WORK ORDER: Please find every line below that includes "this" and report how many there are. Nothing else is needed.

SUPPLIED RECORDS:
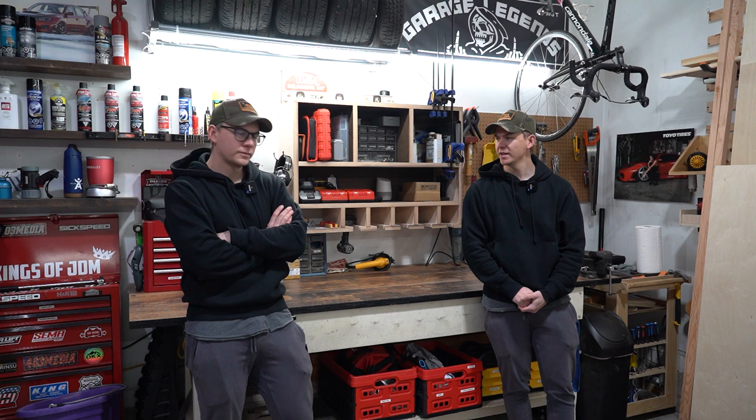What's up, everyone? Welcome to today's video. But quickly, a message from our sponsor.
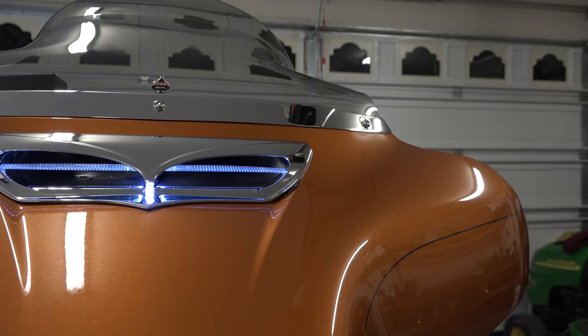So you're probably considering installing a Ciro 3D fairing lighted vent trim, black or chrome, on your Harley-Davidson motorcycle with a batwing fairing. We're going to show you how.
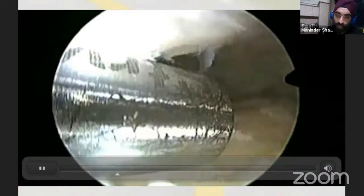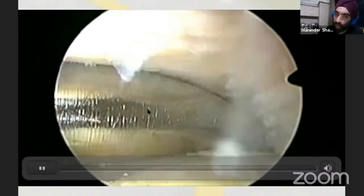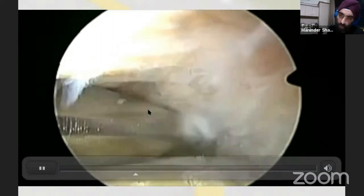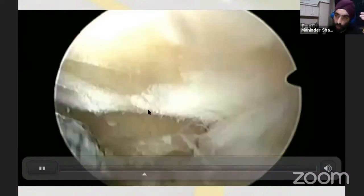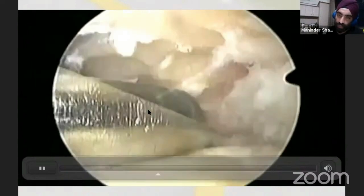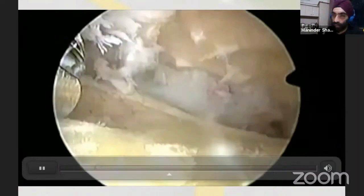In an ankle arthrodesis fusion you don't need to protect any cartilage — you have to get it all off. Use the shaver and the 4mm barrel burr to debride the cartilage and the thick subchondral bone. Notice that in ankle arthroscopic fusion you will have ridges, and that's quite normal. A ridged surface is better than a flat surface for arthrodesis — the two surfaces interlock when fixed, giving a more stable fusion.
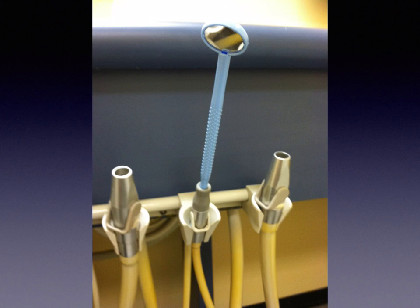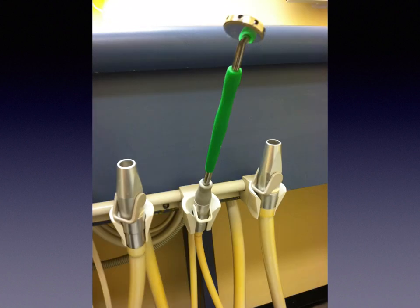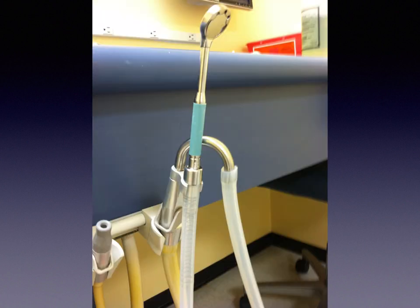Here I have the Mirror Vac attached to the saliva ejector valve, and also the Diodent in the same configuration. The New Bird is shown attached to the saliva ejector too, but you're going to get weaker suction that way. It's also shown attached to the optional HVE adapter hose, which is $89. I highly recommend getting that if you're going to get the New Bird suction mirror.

---

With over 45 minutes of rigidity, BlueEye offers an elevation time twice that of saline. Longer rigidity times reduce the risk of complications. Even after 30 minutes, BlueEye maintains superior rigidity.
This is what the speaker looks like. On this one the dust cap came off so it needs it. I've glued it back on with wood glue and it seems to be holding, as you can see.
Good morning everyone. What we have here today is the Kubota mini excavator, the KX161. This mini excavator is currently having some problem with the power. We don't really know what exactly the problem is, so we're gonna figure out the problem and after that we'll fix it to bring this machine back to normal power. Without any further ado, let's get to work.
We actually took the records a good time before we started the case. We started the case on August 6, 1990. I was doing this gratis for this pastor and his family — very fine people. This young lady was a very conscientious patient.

RESULT BELOW: 3